Face às questões psicológicas já levantadas, percebe-se que o testemunho infantil, ainda quando cercado de cuidados em sua tomada oficial, pode ser contaminado e até mesmo manipulado, sendo de especial relevo para os casos penais os incidentes de falsas memórias ou de ressignificação de um evento sob uma ótica perversa.
Dessa forma, nos parece de rigor que apoiar a convicção condenatória tão somente no depoimento especial abre espaço para condenações dúbias e mesmo completamente equivocadas.
Não se trata de menosprezar a palavra da potencial vítima, mas tão somente de não se dar total credibilidade ao relato sem que os fatos circundantes sejam investigados, sem que incongruências sejam sopesadas, e sem que sejam realizados exames complementares, como laudos de corpo de delito, por exemplo.

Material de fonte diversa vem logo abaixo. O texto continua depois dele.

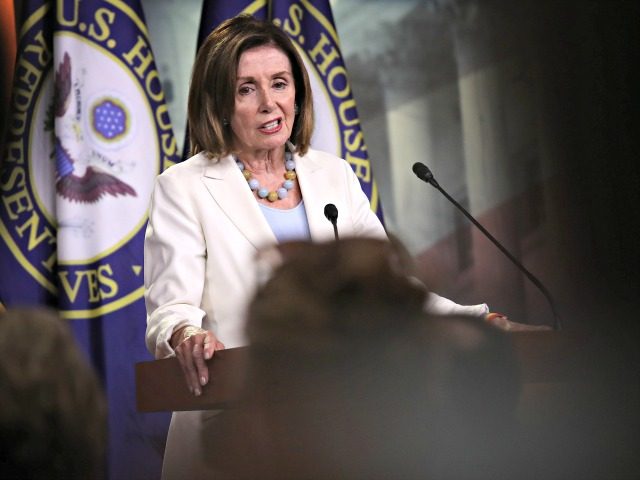 WASHINGTON, DC - JULY 17: Speaker of the House Nancy Pelosi (D-CA) answers questions during a press conference at the U.S. Capitol on July 17, 2019 in Washington, DC. Pelosi answered a range of questions including on the articles of impeachment raised by Rep. Al Green (D-TX) and the recent …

Ao fortalecer as evidencias que circundam um relato, não apenas se respeitam as garantias da defesa, como também se fortalece a posição da vítima, e reflexamente se garante maior seriedade ao procedimento, de maneira que possui reflexos positivos na aplicação da justiça de forma individual e também na forma com que tais casos são vistos pela sociedade, dado que uma acusação bem fundamentada afasta questionamentos e dúvidas que servem como reforço da vitimização secundária.

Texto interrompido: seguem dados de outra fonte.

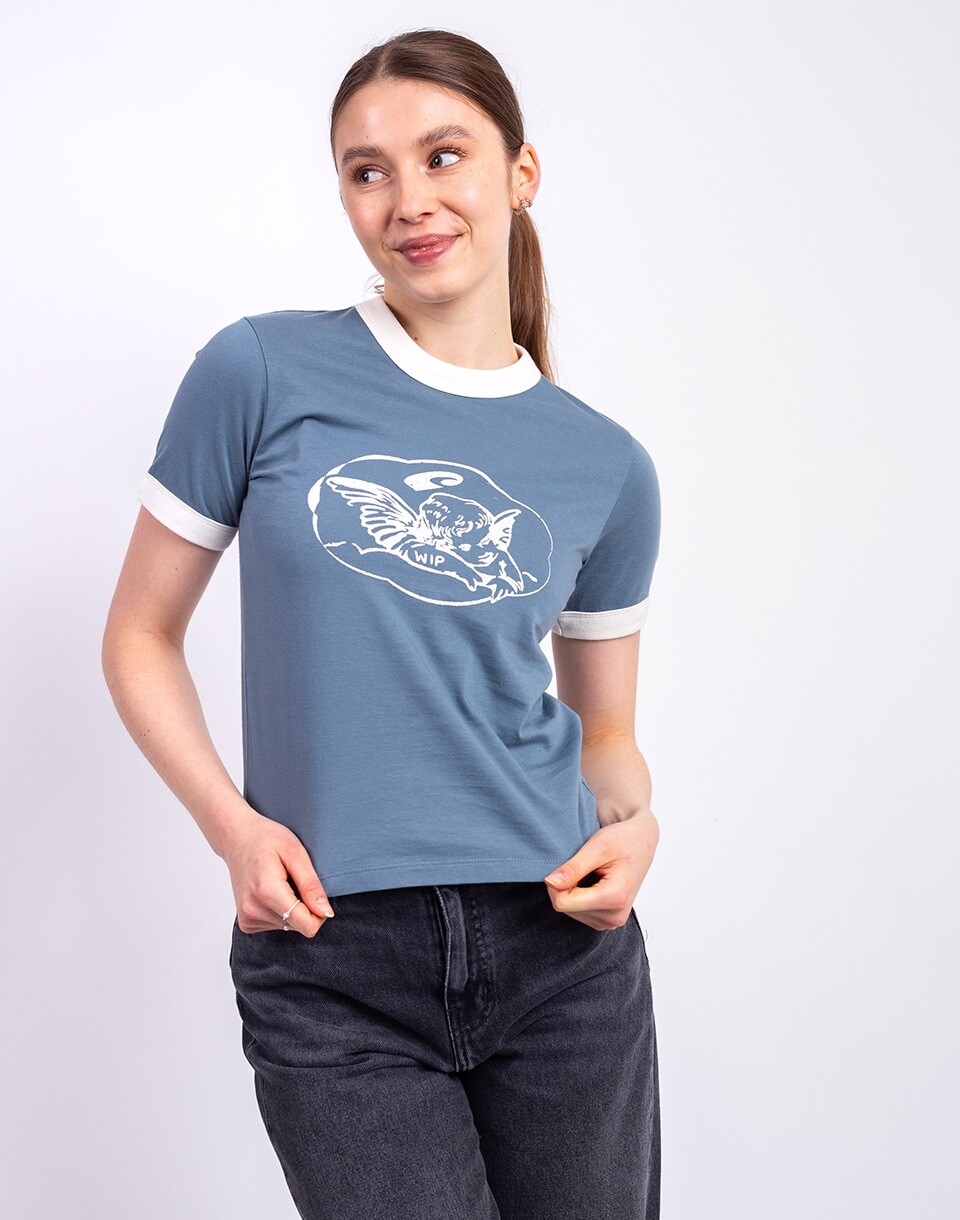 Carhartt WIP W' S/S Reminiscing Ringer T-S Velvet Blue heavy stone wash XS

Assim sendo, entende-se que, caso o depoimento da criança seja a única prova disponível, não podendo ser embasada por qualquer outro elemento, este deve ser tomado e valorado com extrema cautela, inclusive para que se evite a cristalização de falsas memórias na mente infantil, vitimando psicologicamente e de forma evitável a criança.
Conclusão
A complexa temática que envolve o depoimento especial, decorrente de sua relação interdisciplinar entre direito e psicologia, demonstra o perigoso terreno nos quais transitam os tribunais ao adotarem essa medida.
A possibilidade de indução e cristalização de falsas memórias, decorrente de questionamentos mal formulados pelo magistrado por meio do psicólogo, quando corroborada com a incompatibilidade desse método com o sistema acusatório adotado pela constituição, denota um possível (e esperado) abandono dessa medida no futuro, tendo em vista que seria cabível a sua substituição por um laudo22, no qual a criança deixaria de ser inquirida, mas passaria apenas a ser ouvida, afastando assim a figura inquisitiva do juiz.
Porém, independente da manutenção do depoimento especial (o que consideramos inconstitucional), ou sua substituição por elaboração de um laudo, deve-se ter em mente que a valoração dessa prova sempre deve ser respaldada por um consistente arcabouço probatório indiciário para possibilitar a condenação do acusado. Somente assim será possível equilibrar a insegurança decorrente do depoimento prestado pelo infante com a presunção de inocência, mantendo-se a coerência de um Estado que se denomina de direito.